# Directions:
In the records, each line holding "Inner" must be reported.

# Records shown:
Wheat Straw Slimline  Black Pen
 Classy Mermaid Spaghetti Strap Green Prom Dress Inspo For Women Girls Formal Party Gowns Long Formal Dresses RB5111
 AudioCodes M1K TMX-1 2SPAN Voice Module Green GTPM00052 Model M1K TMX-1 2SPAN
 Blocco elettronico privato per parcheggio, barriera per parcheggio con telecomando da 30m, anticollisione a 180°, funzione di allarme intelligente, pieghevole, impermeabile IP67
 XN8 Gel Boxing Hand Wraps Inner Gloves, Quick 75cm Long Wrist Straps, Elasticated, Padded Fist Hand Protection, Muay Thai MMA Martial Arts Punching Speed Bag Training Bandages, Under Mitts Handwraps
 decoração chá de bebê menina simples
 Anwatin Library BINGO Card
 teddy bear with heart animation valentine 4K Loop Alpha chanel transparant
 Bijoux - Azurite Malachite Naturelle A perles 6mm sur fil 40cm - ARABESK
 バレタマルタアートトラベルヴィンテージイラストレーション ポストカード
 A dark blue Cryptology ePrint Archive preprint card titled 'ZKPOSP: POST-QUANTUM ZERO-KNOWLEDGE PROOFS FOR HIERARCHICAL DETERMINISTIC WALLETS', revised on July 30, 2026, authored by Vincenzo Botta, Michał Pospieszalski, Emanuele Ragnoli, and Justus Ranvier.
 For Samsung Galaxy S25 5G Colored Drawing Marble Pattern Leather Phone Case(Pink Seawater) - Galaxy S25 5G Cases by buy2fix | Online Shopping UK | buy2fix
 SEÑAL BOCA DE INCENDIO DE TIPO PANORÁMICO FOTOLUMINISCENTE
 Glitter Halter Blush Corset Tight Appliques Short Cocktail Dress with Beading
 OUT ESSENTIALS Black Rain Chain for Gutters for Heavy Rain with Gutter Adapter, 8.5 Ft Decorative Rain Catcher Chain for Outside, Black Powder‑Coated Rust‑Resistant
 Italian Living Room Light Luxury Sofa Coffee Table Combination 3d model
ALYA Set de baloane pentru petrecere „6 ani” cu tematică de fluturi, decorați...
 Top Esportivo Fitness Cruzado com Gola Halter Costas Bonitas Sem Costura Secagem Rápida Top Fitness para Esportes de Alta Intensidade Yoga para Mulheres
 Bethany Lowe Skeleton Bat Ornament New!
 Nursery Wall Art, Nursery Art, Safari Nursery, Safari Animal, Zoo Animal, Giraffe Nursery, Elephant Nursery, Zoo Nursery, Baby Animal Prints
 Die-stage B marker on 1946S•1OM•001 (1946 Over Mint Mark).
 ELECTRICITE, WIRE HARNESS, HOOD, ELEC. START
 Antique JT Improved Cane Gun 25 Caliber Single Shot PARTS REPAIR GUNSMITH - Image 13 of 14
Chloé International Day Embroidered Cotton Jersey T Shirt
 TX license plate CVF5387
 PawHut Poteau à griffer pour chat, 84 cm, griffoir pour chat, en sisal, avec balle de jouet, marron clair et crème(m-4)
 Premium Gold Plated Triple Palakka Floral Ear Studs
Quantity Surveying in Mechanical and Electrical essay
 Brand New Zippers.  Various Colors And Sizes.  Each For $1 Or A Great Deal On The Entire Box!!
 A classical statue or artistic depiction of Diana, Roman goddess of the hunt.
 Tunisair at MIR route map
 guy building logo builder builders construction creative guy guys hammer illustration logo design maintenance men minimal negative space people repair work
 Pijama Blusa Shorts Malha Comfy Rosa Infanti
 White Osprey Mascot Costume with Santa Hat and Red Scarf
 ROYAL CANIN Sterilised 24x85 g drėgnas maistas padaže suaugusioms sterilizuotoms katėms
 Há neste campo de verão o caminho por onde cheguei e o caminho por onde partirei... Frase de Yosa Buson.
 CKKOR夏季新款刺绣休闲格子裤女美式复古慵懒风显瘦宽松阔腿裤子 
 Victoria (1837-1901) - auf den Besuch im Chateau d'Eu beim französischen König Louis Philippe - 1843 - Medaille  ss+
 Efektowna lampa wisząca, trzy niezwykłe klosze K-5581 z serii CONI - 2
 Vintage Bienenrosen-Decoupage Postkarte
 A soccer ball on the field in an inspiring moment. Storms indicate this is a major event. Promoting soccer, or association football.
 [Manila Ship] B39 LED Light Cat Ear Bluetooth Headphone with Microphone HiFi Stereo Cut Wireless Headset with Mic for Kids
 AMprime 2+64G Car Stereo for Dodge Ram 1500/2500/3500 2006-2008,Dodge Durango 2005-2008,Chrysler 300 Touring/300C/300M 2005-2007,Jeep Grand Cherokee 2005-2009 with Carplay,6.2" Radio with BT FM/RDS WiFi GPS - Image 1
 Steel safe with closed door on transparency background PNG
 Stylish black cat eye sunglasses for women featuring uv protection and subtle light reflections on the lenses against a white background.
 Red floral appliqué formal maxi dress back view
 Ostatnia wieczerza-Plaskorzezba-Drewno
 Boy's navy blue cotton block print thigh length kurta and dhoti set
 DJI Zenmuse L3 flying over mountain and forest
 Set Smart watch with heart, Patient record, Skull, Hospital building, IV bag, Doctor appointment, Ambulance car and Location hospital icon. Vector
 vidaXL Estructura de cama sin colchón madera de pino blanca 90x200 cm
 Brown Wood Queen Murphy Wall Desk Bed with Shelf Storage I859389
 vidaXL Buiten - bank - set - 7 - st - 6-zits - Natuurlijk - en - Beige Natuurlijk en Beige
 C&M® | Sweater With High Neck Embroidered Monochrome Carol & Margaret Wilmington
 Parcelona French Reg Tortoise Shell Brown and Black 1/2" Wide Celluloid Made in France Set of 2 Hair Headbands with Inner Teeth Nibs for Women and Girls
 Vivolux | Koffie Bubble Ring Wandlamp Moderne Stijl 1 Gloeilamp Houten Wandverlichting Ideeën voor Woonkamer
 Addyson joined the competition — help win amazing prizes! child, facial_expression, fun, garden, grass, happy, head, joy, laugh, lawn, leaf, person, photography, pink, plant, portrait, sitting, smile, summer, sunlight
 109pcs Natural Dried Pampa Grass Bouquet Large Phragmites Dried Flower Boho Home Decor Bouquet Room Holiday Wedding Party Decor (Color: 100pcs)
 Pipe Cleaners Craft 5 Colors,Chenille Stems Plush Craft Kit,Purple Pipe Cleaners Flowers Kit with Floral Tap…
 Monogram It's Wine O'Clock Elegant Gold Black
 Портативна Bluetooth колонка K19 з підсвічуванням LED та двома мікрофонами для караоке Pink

# Finished exercise:
 XN8 Gel Boxing Hand Wraps Inner Gloves, Quick 75cm Long Wrist Straps, Elasticated, Padded Fist Hand Protection, Muay Thai MMA Martial Arts Punching Speed Bag Training Bandages, Under Mitts Handwraps
 Parcelona French Reg Tortoise Shell Brown and Black 1/2" Wide Celluloid Made in France Set of 2 Hair Headbands with Inner Teeth Nibs for Women and Girls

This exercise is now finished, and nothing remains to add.